Corey Quinn: It feels like the original version could have just been like a script that runs on cron every five minutes. It grabs all the packages and creates an index file, and I'm sure it was originally, and to your lasting shame, that script was no doubt written in Perl, so it needed to be fixed immediately.

And here we are.

Mike Fiedler: I'm not going to go down that path because I don't, I'm not as familiar with the super legacy code, but most of it that I have seen, it has been written in Python.

Corey Quinn: You do eat your own dog food.

Mike Fiedler: Yes, you got to. But the permutations of this have kind of evolved, and it's been largely volunteer driven, volunteer contributors, volunteer admins for this massive service that basically underpins a non-small part of the internet and the operations. Now, there are plenty of mirrors out there and mirroring softwares that you can set up for your own corporation and your enterprise to say, we would like to, you know, keep our own copy of the index locally so that way if there's any problem upstream we still have all those packages we have, and most folks should do that, because then you are owning your own availability.

But for the vast majority of open source consumers out there which are most people, there's not a need to build your own index, so we make sure that it is up and running. We can't do that on our own without a lot of generosity, because the Python Software Foundation is a non profit, and my role in particular is funded through generous donations from folks like Amazon Web Services, and then next year through the Alpha Omega Foundation, but the ability to Invest in keeping critical infrastructure up and running is not an easy task that you can just hand wave and say some company will handle this.

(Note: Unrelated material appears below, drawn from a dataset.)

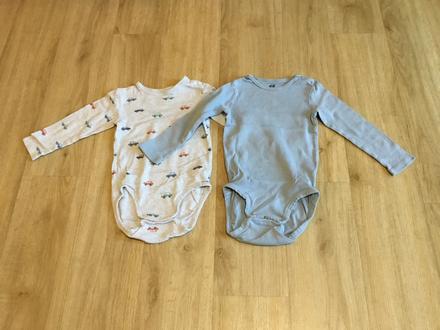 Sada s auty a se světle modrým body vel. 92, h&m,92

Corey Quinn: No, even the raw cost of this would bankrupt most folks. I don't know where you actually host these things. It never occurred to me to look at, okay, when you're downloading from the local mirror, Where is that mirror resolving to, exactly? Because if it's one of the major cloud providers, egress fees are expensive.

Yeah, if I download a gig, it'll be nine cents, and I'm not much of a user, but you know, I have a dumb provisioning process that redownloads every single time the container runs. Oops. And there's a lot of idiots, like me, out there doing the exact same thing. This can become a massive denial of wallet attack if you're not, I guess, conscious about how these things are supposed to work.

Mike Fiedler: So we are conscious about it and we're, again, we've gotten some great donations. So our infrastructure is donated largely by Amazon Web Services and Google Cloud through their Open Source Contribution Program, but the actual egress that you are kind of consuming when you are re-downloading the same package again and again, is a donation from Fastly through their Fast Forward Program for open source and non-profit users.

So we are achieving close to a 99.95 cash hit ratio through the Fastly network. So most of the calls of the, I don't know, 60,000 requests per second that are happening against PyPI's APIs are going to hit a Fastly cash and never phone home all the way back to us.

Corey Quinn: Which is phenomenal. It's, if you can resolve, if you can service a request as close to the customers or user as possible, go ahead and do it.

Sorry, they're not customers, they're users. If they're not paying you, they are not customers. That is going to be a horrible revelation for a whole bunch of freemium model startups someday.

Mike Fiedler: Yes, they do not, we do not charge money for usage. There is potentially some paid thing for corporations and organization features that is kind of in the works, but that is not live yet.

So yeah, we exist currently 100 percent on kind of inbound donations. The ability to do so, again, is made possible by our generous donors, but it's also made possible by folks like myself and other contributors talking about what we're doing and publicizing the ability, and at the end of each year, our impact report at the Python Software Foundation, I tried and give them some Stats about how much we've grown in our usage over the years.

And it's kind of doubling every year, which is crazy to think about.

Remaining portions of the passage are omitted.